[lammps-users] problems with releasing processors after deleting the job

Hi,

I am running parallel job with Lammps in the cluster. The job was submitted using PBS script. When I deleted/canceled the jobs, the processors occupied by the job were sometimes not released. But the system showed the jobs have been deleted. It seems these processors would be always occupied. Is it the problem of the my Lammps input command? Many thanks.

Regards,

Hi,

I am running parallel job with Lammps in the cluster. The job was submitted
using PBS script. When I deleted/canceled the jobs, the processors occupied
by the job were sometimes not released. But the system showed the jobs have
been deleted. It seems these processors would be always occupied. Is it the
problem of the my Lammps input command? Many thanks.

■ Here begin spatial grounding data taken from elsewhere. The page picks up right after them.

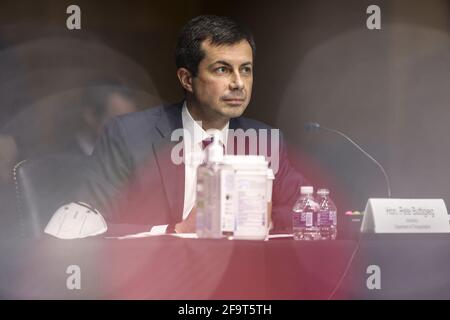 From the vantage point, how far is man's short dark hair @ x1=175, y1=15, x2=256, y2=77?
302 centimetres

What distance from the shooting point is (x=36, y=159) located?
9.75 ft

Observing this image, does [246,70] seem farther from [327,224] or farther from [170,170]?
[327,224]

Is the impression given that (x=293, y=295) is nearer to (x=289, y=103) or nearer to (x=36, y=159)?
(x=36, y=159)

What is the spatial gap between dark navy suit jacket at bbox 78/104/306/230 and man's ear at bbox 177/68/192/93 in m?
0.11

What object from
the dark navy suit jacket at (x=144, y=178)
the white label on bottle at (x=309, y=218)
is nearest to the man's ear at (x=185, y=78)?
the dark navy suit jacket at (x=144, y=178)

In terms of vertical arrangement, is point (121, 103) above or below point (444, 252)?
above

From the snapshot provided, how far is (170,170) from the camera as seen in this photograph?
293cm

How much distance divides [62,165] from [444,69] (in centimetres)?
166

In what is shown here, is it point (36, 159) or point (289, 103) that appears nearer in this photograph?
point (36, 159)

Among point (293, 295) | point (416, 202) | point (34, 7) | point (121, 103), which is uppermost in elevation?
Result: point (34, 7)

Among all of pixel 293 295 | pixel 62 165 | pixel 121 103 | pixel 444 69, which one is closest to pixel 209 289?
pixel 293 295

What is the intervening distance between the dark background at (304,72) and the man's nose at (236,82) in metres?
0.16

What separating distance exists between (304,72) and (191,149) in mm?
757

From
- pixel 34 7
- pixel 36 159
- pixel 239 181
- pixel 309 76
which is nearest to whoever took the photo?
pixel 239 181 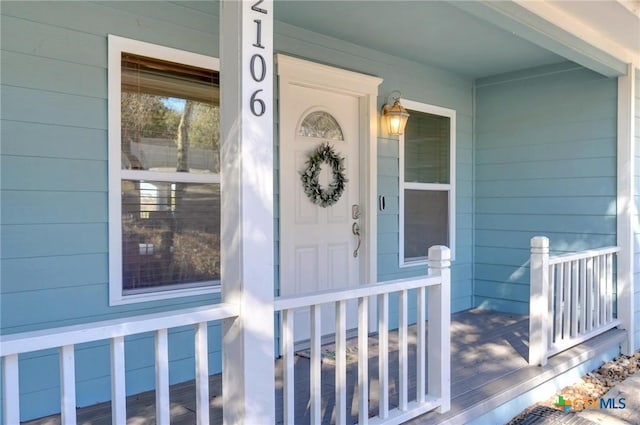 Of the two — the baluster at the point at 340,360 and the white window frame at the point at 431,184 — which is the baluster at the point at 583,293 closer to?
the white window frame at the point at 431,184

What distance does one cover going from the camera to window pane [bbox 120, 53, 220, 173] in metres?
2.90

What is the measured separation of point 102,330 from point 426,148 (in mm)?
3932

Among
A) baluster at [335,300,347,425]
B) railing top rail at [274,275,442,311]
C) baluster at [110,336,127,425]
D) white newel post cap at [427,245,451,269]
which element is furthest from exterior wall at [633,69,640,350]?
baluster at [110,336,127,425]

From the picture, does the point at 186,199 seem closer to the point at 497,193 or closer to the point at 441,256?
the point at 441,256

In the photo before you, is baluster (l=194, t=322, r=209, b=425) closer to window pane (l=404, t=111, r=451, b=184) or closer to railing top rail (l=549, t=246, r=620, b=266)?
railing top rail (l=549, t=246, r=620, b=266)

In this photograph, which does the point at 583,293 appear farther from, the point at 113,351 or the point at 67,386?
the point at 67,386

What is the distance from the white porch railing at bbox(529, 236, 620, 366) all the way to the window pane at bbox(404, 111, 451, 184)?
5.03 feet

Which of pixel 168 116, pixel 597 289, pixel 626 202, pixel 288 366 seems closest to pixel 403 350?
pixel 288 366

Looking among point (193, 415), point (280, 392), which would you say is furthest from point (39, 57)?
point (280, 392)

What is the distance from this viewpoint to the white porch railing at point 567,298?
10.9 ft

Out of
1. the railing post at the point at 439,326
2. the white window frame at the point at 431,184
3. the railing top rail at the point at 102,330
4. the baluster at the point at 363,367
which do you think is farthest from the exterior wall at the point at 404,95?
the railing top rail at the point at 102,330

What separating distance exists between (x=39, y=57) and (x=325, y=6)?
1759 mm

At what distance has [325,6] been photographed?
A: 330 centimetres

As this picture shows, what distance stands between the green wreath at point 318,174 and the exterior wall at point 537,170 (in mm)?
2013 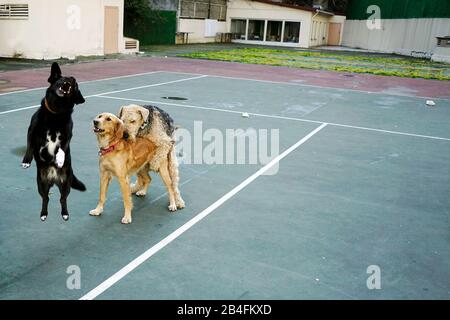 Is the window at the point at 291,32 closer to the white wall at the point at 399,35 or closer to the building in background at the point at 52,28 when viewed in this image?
the white wall at the point at 399,35

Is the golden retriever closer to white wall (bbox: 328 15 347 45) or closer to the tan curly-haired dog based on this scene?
the tan curly-haired dog

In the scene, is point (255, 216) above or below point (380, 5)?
below

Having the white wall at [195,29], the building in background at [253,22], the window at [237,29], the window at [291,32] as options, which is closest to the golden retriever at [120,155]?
the white wall at [195,29]

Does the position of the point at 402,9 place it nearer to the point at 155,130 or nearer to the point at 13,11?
the point at 13,11

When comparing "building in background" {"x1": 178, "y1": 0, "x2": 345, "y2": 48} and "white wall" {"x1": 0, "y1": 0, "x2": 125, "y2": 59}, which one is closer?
"white wall" {"x1": 0, "y1": 0, "x2": 125, "y2": 59}

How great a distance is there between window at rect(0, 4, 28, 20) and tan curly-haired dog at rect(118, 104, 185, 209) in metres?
19.4

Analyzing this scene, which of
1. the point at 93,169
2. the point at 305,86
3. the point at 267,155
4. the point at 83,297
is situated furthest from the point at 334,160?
the point at 305,86

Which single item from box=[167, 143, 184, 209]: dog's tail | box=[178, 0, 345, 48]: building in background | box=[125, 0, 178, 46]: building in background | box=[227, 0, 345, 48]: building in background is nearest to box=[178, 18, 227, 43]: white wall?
box=[178, 0, 345, 48]: building in background

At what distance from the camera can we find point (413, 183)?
7.98 meters

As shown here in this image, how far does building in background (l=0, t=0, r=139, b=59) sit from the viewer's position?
74.2ft

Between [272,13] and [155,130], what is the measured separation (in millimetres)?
41571

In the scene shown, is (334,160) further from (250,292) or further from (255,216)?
(250,292)

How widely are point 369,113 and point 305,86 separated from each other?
550cm

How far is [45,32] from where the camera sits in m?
23.1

no, this is the problem of your cluster setup or MPI launcher/library.

if you run in parallel, PBS only "knows" about the mpirun command,
but the individual lammps instances are launched "manually". particularly
with MPICH this can become a problem and you will get the kind of
"runaway" executables.

the solution to this is to have executables launched not through ssh/rsh
but through PBS (the "tm" method). with OpenMPI this is a compile time
option and with MPICH (at least the older versions) you would have to use
the "mpiexec" launcher from OSC instead of the default mpirun script.

in any case, you should talk to your system administrator and have a
proper "epilogue" script installed that will kill off all runaway tasks.

cheers,
   axel.